Here, a custom `predictors` class is created which inherits the TransformerMixin class. This class overrides the `transform, fit` and `get_parrams` methods. 
A `clean_text()` function is created that removes spaces and converts text into lowercase.

In [31]:
# Custom transformer using spaCy
# TransformerMixin is the base class for writing our transformer class on top of
# TransformerMixin is in parenthesis while declaring the class to let Python know that our class is going to inherit from it

class predictors(TransformerMixin):
    
    # Like all the constructors we’re going to write: 
        # the fit method only needs to return self. 
        # the transform method is what we’re really writing to make the transformer do what we need it to do:
            # in this case it simply needs r to return clean text
    
    def transform(self, X, **transform_params):
        # Cleaning Text
        return [clean_text(text) for text in X]

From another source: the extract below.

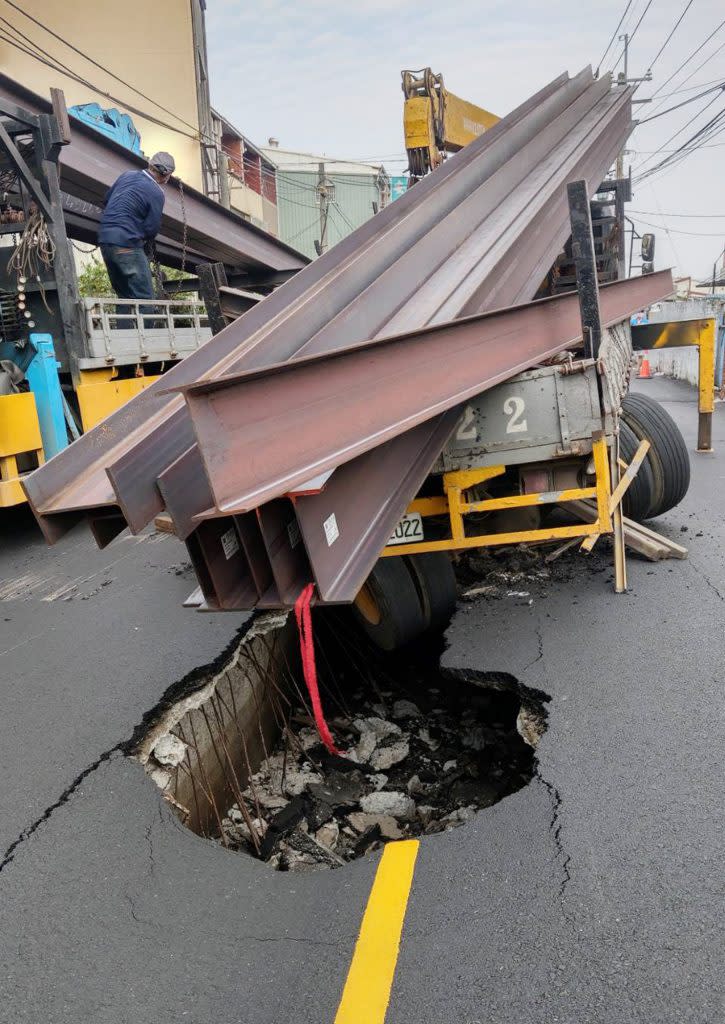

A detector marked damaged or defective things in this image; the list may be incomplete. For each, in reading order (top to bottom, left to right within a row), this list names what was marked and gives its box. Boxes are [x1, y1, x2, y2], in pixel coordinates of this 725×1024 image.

cracked asphalt [0, 378, 720, 1024]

    def fit(self, X, y=None, **fit_params):
        return self

    def get_params(self, deep=True):
        return {}

# Basic function to clean the text
def clean_text(text):
    # Removing spaces and converting text into lowercase
    return text.strip().lower()

## Vectorization Feature Engineering (TF-IDF)
When text is classified, the result is text snippets matched with their respective labels. But these text strings can't be used in machine learning model; therefore a way to convert the text into something that can be represented numerically is needed, just like the labels (1 for positive and 0 for negative) are. 
Classifying text in positive and negative labels is called ***sentiment analysis***. So we need a way to represent our text numerically.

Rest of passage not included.